▸ **Work item**: A verbatim reprint of the records below is what this exercise asks for.
### Exercise material ###
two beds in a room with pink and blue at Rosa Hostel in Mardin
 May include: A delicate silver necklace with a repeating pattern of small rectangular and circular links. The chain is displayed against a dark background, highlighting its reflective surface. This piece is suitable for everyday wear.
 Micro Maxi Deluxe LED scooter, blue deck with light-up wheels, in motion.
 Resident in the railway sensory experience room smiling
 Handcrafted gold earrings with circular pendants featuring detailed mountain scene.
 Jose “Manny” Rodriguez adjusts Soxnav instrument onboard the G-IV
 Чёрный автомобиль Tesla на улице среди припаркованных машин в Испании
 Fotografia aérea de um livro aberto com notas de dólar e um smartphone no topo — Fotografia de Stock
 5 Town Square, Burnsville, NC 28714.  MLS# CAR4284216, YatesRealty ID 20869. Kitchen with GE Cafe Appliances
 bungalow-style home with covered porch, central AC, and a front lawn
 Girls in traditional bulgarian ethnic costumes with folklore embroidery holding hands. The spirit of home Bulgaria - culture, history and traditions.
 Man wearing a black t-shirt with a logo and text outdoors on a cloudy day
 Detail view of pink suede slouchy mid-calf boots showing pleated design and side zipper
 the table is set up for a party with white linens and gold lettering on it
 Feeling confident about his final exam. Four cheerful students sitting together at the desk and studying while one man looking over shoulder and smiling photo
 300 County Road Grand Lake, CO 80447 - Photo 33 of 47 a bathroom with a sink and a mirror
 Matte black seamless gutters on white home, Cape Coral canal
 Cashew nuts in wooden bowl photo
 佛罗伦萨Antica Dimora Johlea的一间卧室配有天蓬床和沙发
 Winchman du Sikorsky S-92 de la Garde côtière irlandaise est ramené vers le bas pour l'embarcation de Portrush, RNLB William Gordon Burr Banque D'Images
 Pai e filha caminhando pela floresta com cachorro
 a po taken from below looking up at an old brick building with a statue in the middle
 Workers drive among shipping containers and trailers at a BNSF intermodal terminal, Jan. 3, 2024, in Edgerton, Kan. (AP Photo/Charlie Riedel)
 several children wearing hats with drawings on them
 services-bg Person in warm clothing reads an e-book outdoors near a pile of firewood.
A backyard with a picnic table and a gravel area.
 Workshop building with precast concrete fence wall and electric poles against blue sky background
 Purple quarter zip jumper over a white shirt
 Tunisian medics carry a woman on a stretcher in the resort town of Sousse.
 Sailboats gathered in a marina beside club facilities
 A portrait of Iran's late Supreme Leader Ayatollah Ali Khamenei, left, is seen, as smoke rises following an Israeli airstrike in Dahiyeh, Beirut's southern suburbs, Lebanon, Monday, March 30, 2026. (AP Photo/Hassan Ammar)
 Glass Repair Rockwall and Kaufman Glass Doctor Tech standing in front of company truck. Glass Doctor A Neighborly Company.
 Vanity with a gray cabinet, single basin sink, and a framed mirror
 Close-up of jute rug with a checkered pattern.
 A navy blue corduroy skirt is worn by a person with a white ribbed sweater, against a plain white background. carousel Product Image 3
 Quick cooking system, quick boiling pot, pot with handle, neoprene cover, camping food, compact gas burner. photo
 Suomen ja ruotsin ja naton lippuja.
###
▸ **Answer section**:
two beds in a room with pink and blue at Rosa Hostel in Mardin
 May include: A delicate silver necklace with a repeating pattern of small rectangular and circular links. The chain is displayed against a dark background, highlighting its reflective surface. This piece is suitable for everyday wear.
 Micro Maxi Deluxe LED scooter, blue deck with light-up wheels, in motion.
 Resident in the railway sensory experience room smiling
 Handcrafted gold earrings with circular pendants featuring detailed mountain scene.
 Jose “Manny” Rodriguez adjusts Soxnav instrument onboard the G-IV
 Чёрный автомобиль Tesla на улице среди припаркованных машин в Испании
 Fotografia aérea de um livro aberto com notas de dólar e um smartphone no topo — Fotografia de Stock
 5 Town Square, Burnsville, NC 28714.  MLS# CAR4284216, YatesRealty ID 20869. Kitchen with GE Cafe Appliances
 bungalow-style home with covered porch, central AC, and a front lawn
 Girls in traditional bulgarian ethnic costumes with folklore embroidery holding hands. The spirit of home Bulgaria - culture, history and traditions.
 Man wearing a black t-shirt with a logo and text outdoors on a cloudy day
 Detail view of pink suede slouchy mid-calf boots showing pleated design and side zipper
 the table is set up for a party with white linens and gold lettering on it
 Feeling confident about his final exam. Four cheerful students sitting together at the desk and studying while one man looking over shoulder and smiling photo
 300 County Road Grand Lake, CO 80447 - Photo 33 of 47 a bathroom with a sink and a mirror
 Matte black seamless gutters on white home, Cape Coral canal
 Cashew nuts in wooden bowl photo
 佛罗伦萨Antica Dimora Johlea的一间卧室配有天蓬床和沙发
 Winchman du Sikorsky S-92 de la Garde côtière irlandaise est ramené vers le bas pour l'embarcation de Portrush, RNLB William Gordon Burr Banque D'Images
 Pai e filha caminhando pela floresta com cachorro
 a po taken from below looking up at an old brick building with a statue in the middle
 Workers drive among shipping containers and trailers at a BNSF intermodal terminal, Jan. 3, 2024, in Edgerton, Kan. (AP Photo/Charlie Riedel)
 several children wearing hats with drawings on them
 services-bg Person in warm clothing reads an e-book outdoors near a pile of firewood.
A backyard with a picnic table and a gravel area.
 Workshop building with precast concrete fence wall and electric poles against blue sky background
 Purple quarter zip jumper over a white shirt
 Tunisian medics carry a woman on a stretcher in the resort town of Sousse.
 Sailboats gathered in a marina beside club facilities
 A portrait of Iran's late Supreme Leader Ayatollah Ali Khamenei, left, is seen, as smoke rises following an Israeli airstrike in Dahiyeh, Beirut's southern suburbs, Lebanon, Monday, March 30, 2026. (AP Photo/Hassan Ammar)
 Glass Repair Rockwall and Kaufman Glass Doctor Tech standing in front of company truck. Glass Doctor A Neighborly Company.
 Vanity with a gray cabinet, single basin sink, and a framed mirror
 Close-up of jute rug with a checkered pattern.
 A navy blue corduroy skirt is worn by a person with a white ribbed sweater, against a plain white background. carousel Product Image 3
 Quick cooking system, quick boiling pot, pot with handle, neoprene cover, camping food, compact gas burner. photo
 Suomen ja ruotsin ja naton lippuja.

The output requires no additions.